[EXERCISE INPUTS]
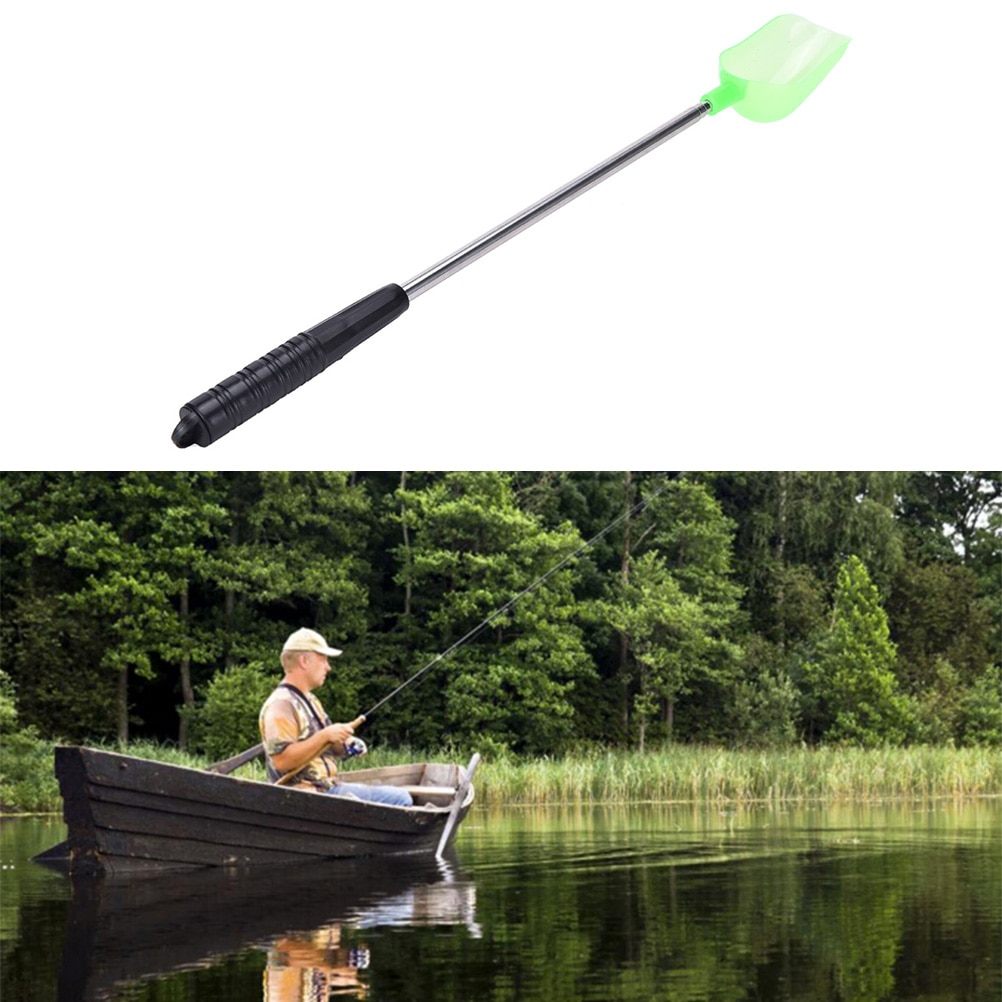 Adjustable Baiting Throwing Spoon With Handle Metal Throw Stick Carp Fishing Fish Bait Tackle Tool 100x12cm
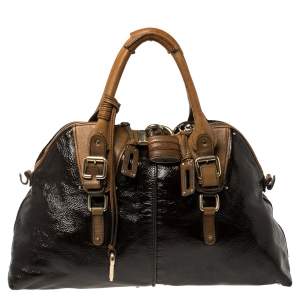 Pre Owned Chloe Dark Brown/Brown Patent Leather Paddington Dome Satchel 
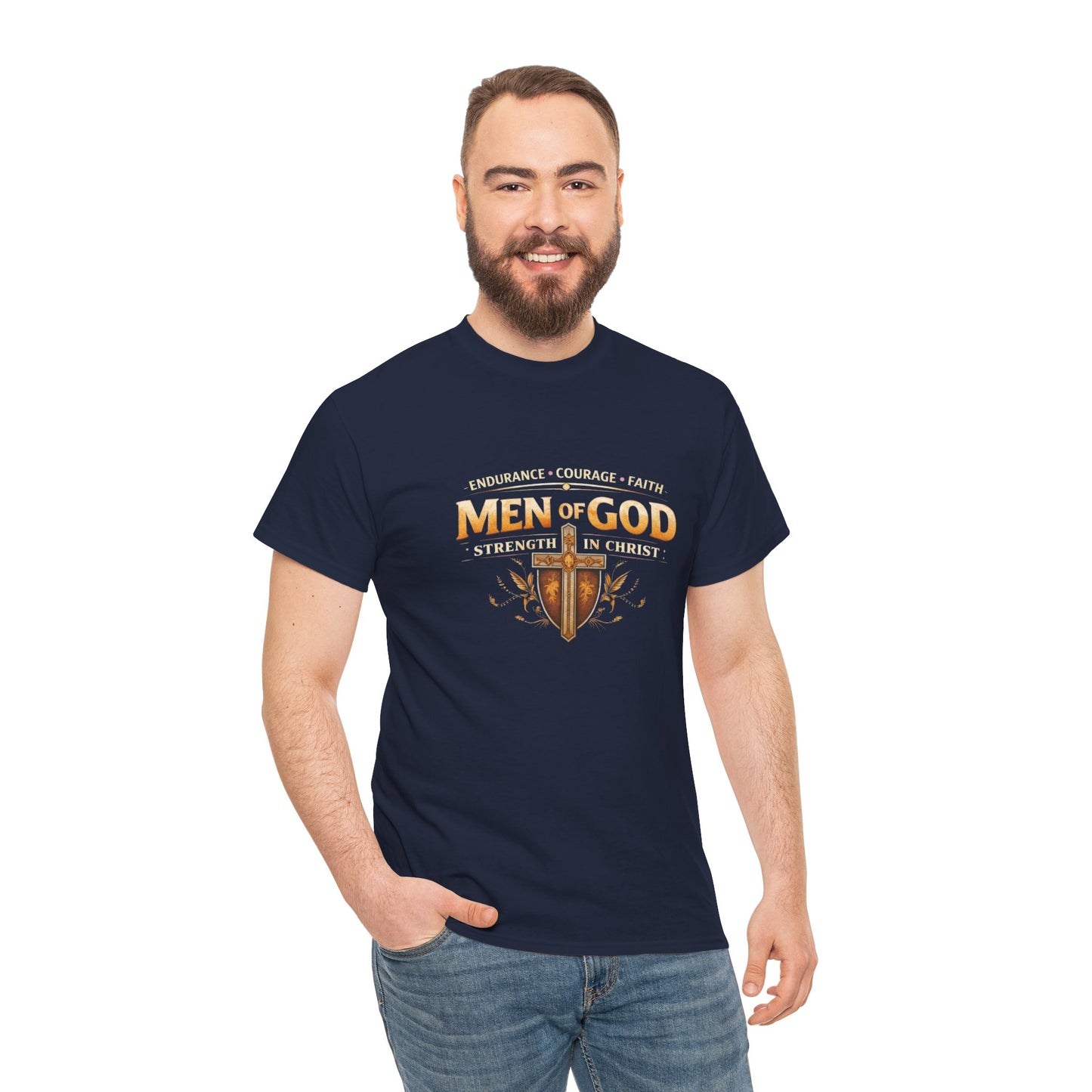 Men of God T-Shirt: Christian Faith Tee with 'Endurance • Courage • Faith' Shield Design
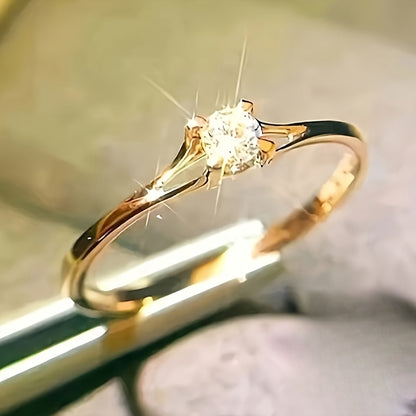 Elegant Ladies' Engagement Ring - Classic 4-Claw Inlaid Sparkle Cubic Zirconia, Perfect for Weddings and Parties, Wedding Ring Set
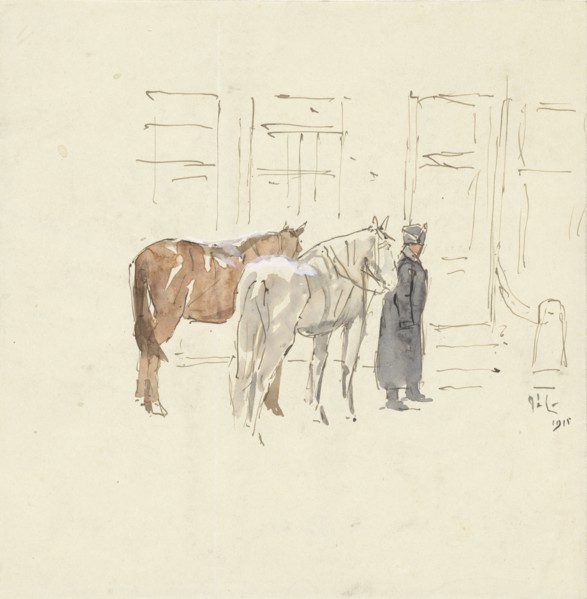 Man with two horses in front of a building, 1915. Creator: Adolf le Comte.
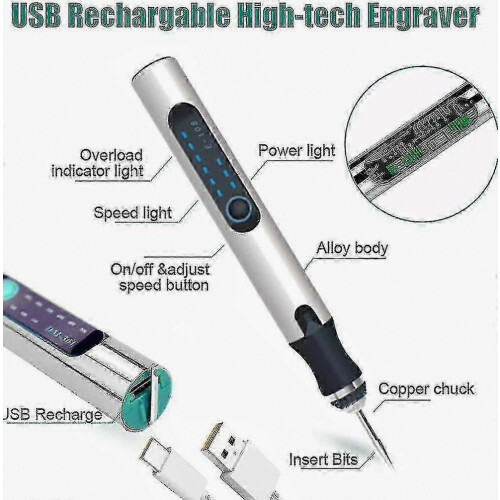 Mini Electric Engraving Machine USB Rechargeable Cordless Etching Pen Rotary Tool 1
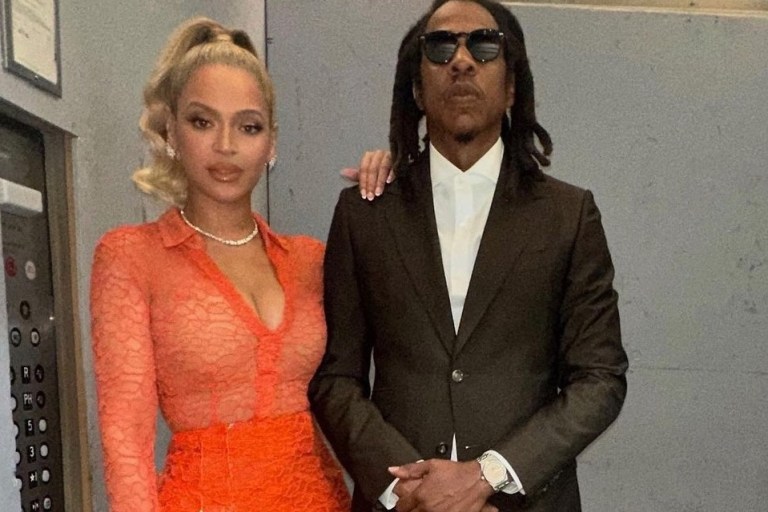 Beyonce Attends Jay Z’s Book of Hov Book Signing with Blue Ivy in Orange Laquan Smith Lace Top and Sequin Skirt + Blue Ivy’s Denim Reformation Dress and Fendi First Shield Sunglasses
[/EXERCISE INPUTS]
— PROBLEM DESCRIPTION —
Nothing but the lines from the start of the records above through the line with "Mini Electric Engraving" should be retyped, each exactly as written; leave out all pictures.

— COMPLETED EXERCISE —
 Adjustable Baiting Throwing Spoon With Handle Metal Throw Stick Carp Fishing Fish Bait Tackle Tool 100x12cm
 Pre Owned Chloe Dark Brown/Brown Patent Leather Paddington Dome Satchel 
 Men of God T-Shirt: Christian Faith Tee with 'Endurance • Courage • Faith' Shield Design
 Elegant Ladies' Engagement Ring - Classic 4-Claw Inlaid Sparkle Cubic Zirconia, Perfect for Weddings and Parties, Wedding Ring Set
 Man with two horses in front of a building, 1915. Creator: Adolf le Comte.
 Mini Electric Engraving Machine USB Rechargeable Cordless Etching Pen Rotary Tool 1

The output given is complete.